Mecklenburg-Vorpommern registrierte 15 Vorkommnisse. Rheinland-Pfalz und Sachsen-Anhalt erfassten jeweils neun Fälle, Thüringen registrierte fünf. In Hamburg gab es vier Meldungen, in Schleswig-Holstein drei. Das Saarland stellte keinen Fall fest.
Welche konkreten Vorfälle wurden bislang bekannt?

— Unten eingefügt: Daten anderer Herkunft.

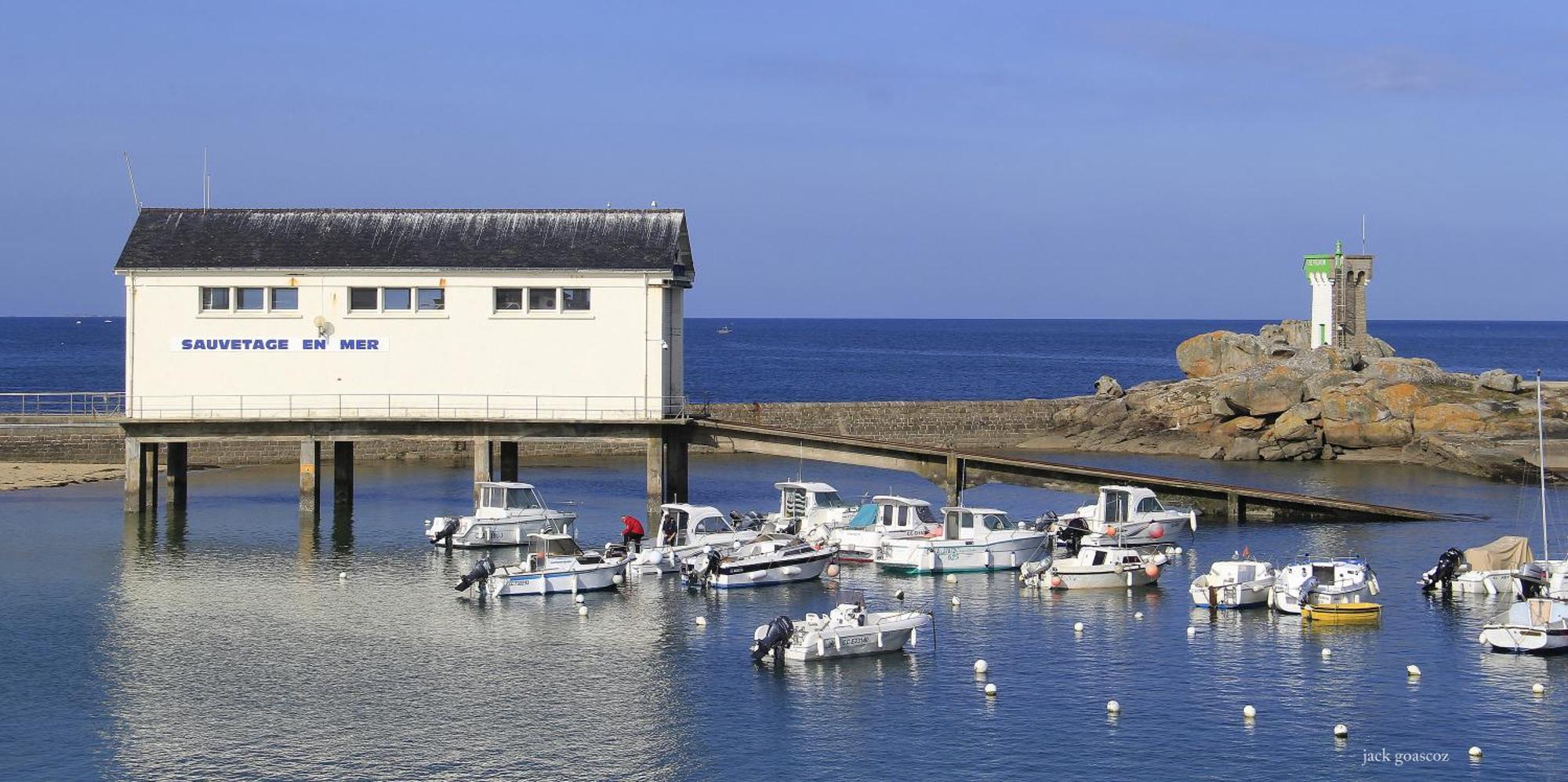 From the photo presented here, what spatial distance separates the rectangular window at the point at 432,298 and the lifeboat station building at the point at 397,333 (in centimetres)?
6

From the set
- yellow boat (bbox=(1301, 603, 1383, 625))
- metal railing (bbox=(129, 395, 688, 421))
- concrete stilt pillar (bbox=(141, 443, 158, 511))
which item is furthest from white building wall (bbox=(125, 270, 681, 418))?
yellow boat (bbox=(1301, 603, 1383, 625))

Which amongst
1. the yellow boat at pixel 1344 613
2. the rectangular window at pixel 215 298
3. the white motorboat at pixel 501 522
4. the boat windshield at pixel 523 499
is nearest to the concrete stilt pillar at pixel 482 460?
the white motorboat at pixel 501 522

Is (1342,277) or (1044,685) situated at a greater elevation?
(1342,277)

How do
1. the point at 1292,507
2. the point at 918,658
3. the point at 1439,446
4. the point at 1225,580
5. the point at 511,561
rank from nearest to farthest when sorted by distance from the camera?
the point at 918,658, the point at 1225,580, the point at 511,561, the point at 1292,507, the point at 1439,446

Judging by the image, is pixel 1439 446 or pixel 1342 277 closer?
pixel 1439 446

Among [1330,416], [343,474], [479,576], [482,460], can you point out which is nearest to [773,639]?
[479,576]

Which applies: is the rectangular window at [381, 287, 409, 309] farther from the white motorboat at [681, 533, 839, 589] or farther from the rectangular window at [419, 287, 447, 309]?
the white motorboat at [681, 533, 839, 589]

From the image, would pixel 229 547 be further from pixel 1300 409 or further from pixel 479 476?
pixel 1300 409

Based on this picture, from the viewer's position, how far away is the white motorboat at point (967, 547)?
50.6m

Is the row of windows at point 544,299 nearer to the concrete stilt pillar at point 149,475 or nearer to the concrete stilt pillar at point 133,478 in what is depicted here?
the concrete stilt pillar at point 149,475

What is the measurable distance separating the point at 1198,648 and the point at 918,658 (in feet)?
23.1

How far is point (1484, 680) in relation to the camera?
121 ft

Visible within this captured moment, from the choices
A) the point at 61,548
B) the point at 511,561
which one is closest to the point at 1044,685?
the point at 511,561

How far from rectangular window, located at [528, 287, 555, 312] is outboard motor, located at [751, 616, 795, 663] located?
71.8ft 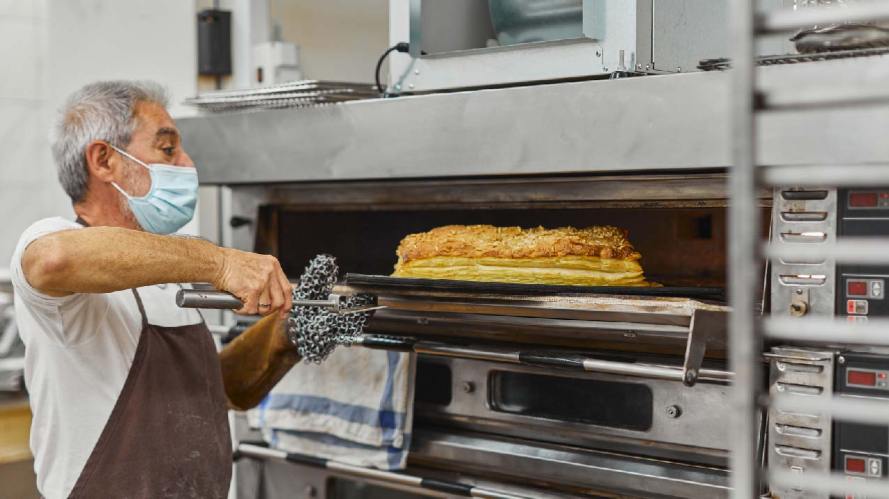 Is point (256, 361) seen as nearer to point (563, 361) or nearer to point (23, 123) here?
point (563, 361)

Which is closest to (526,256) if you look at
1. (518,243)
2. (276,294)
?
(518,243)

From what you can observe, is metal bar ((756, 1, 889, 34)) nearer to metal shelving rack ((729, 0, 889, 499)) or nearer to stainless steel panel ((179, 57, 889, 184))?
metal shelving rack ((729, 0, 889, 499))

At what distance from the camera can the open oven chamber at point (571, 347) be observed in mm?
1581

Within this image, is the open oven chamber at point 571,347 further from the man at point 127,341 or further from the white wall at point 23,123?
the white wall at point 23,123

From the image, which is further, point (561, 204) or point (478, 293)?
point (561, 204)

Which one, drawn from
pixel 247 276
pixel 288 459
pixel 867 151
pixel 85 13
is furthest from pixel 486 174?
pixel 85 13

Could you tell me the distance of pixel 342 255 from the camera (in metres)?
2.31

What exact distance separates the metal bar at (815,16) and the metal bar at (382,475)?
4.03 feet

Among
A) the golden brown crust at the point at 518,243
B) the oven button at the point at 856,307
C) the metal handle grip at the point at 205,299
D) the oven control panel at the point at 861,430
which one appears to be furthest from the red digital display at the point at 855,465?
the metal handle grip at the point at 205,299

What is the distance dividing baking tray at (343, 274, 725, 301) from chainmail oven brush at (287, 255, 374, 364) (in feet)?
0.26

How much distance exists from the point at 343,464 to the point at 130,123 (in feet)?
2.69

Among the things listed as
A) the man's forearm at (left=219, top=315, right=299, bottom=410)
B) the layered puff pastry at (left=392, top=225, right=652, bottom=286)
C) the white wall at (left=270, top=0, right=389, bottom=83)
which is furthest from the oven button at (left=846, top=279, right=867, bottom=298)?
the white wall at (left=270, top=0, right=389, bottom=83)

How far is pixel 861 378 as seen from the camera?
142 centimetres

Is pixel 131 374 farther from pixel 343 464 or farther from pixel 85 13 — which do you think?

Schon vor der jetzigen Veröffentlichung des Berichts waren zahlreiche Fälle bekannt geworden, zumeist aus den drei am stärksten betroffenen Ländern.
Hessen
Bereits Ende 2018 wurde bei der Polizei in Frankfurt am Main ein Netzwerk rechtsextremer Beamter entdeckt. Eine Rechtsanwältin, die eine Opferfamilie im Prozess gegen die rechtsextreme Terrorgruppe NSU vertreten hatte, hatte Drohbriefe erhalten. Dabei wurden Daten aus Polizeicomputern genutzt. Nach internen Ermittlungen sprachen die Sicherheitsbehörden später sechs Kündigungen oder Entlassungen aus.
„NSU 2.0“
Fast hundert rechtsextreme Drohschreiben mit dem Absender „NSU 2.0“ beschäftigen seit 2018 die Ermittler – der Name lehnt sich an die für zehn Morde und zwei Bombenanschläge verantwortliche rechtsextreme Terrorzelle Nationalsozialistischer Untergrund (NSU) an. Die Absender der Schreiben griffen ebenfalls auf Polizeicomputer zu und nutzten dabei vertrauliche Daten.
Zu den Empfängerinnen der „NSU-2.0“-Schreiben gehört auch die hessische Linken-Fraktionschefin Janine Wissler. Von Wiesbaden aus werden die Ermittlungen geführt, Spuren führen auch nach Hamburg und Berlin.
Berlin
Hier wurde eine rassistische Chatgruppe bekannt, in der laut ARD-Magazin „Monitor“ auch offen Sympathien für Neonazis geäußert wurden – und zwar als „Verbündete“ gegen linksgerichtete Demonstranten. Zudem sollen Muslime als „fanatische Primatenkultur“ bezeichnet und Flüchtlinge mit „Vergewaltigern“ oder „Ratten“ gleichgesetzt worden sein. An dem Chat sollen über Jahre hinweg mehr als 25 Beamte einer Dienstgruppe der Berliner Polizei beteiligt gewesen sein.
Nordrhein-Westfalen
Allein in Mülheim an der Ruhr wurden Mitte September 30 Beamte des Polizeipräsidiums Essen wegen rechtsextremistischer Hetze in privaten Chatgruppen vom Dienst suspendiert. Zudem stehen drei Mitglieder eines Observationsteams des NRW-Verfassungsschutzes unter Rechtsextremismus-Verdacht. Ein vierter Verdächtiger, Mitglied der Polizeiabteilung des Innenministeriums, soll auf Facebook Kontakt zu Rechtsextremen gehabt haben.
Mecklenburg-Vorpommern
Im Zuge von Ermittlungen wegen rechtsextremistischer Chats wurden im Nordosten zwei Polizisten vom Dienst suspendiert.
Sachsen
Die Leipziger Polizei ermittelt wegen des Verdachts auf Rechtsextremismus gegen einen Beamten in ihren eigenen Reihen. Auch er soll sich in einem Chat rechtsextremistisch und rassistisch geäußert haben.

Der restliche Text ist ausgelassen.